Counting Pebbles in the Olympia-Age Sediment

A recent shallow landslide on a steep Whidey Island bluff had stripped off all the vegetation and top soil from the slope providing a good exposure of the underlying geology units.  


Most of the bluff at this slide site is underlain by non glacial sediments that were deposited prior to the last glacial period. The non glacial sediments consist of alluvial sediments with layers of silt, sand and gravel as well as peat - the peat being a strong indicator of a non glacial environment. The non glacial sediments are likely Olympia-age (60,000 years to 20,000 years). The sediments are very compact and hard due to having been compressed by approximately 4,000 feet of ice during the last glacial period. As such the sediments can hold a very steep slope for long periods of time. The hard freeze and then rapid snow melt in February played a role in being final trigger for this slide. 
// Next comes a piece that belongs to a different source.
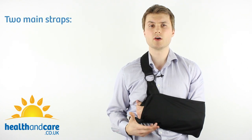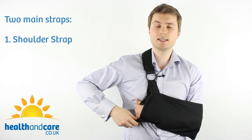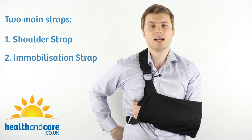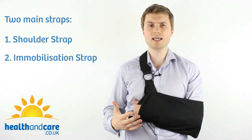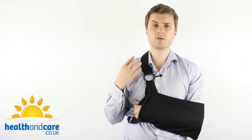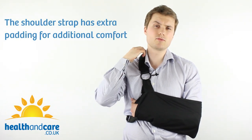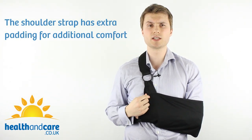There are two main straps on the ProCare Clinical Shoulder Immobiliser. The first is the shoulder strap and the second goes around the waist — that's the immobilisation strap that keeps the arm close to the body. Both straps have velcro all the way across them. The shoulder strap has an additional pad for comfort, making it ideal to rest on the neck or shoulder for long periods.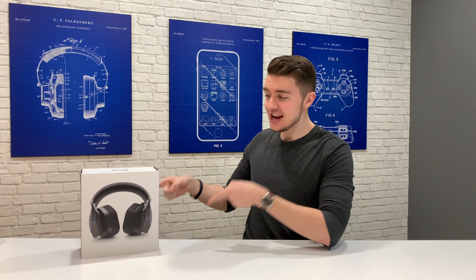How's it going everyone? Welcome to my first ever YouTube video. My name is Arthur and today we're checking out Alienware's AW988 gaming headset. So let's get into it.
Near the base of the slope I observed a sand and gravel layer. Even though this unit has been compacted by the over riding glacial ice as well as an unknown thickness of sediment before the ice arrival, the unit lacks silt and clay and thus I was able to easily collect some sand and gravel. 


The most dominant pebbles in the gravel were irregular lumps of quartzite.
  

The conglomerate in the base of the Chuckanut Formation some 20 miles northeast of this site is full of similar pebbles. The quartzite pebbles in the base of the Chuckanut are derived from weathered Darrington Phyllite. The rivers that deposited the Chuckanut eroded weathered phyllite and concentrated the hard resistant quatzite into gravel deposits which became the basal conglomerate of the Chuckanut Formation approximately 54 million years ago.

The pebbles in the Olympia-age sediments can be viewed as geologic history repeating itself. A river system eroded the Darrington Phyllite and carried these hard resistant pebbles westward. There would have been no Skagit Bay between what is now Whidbey Island and the Skagit River. The Skagit River likely extended well to the west before the last glacial period removed much of the large alluvial plain that would have extended out from the Cascades to the west.     

2 comments:

Keith Kemplin said...

Is there a place where I can see the Chuckanut basal conglomerate?

Dan McShane said...

The best spot I have seen is in a drainage above Cain and Reed Lake, but most areas in the lower sections of the Chuckanut over the metamorphic rocks of the Northwest Cascades will be rick in quartz pebbles. The same is true of the Huntington Foramation on Sumas Mountain. Quartz pebbles in the lower units in the Nanaimo Group may also look similar but also have a more continental signature.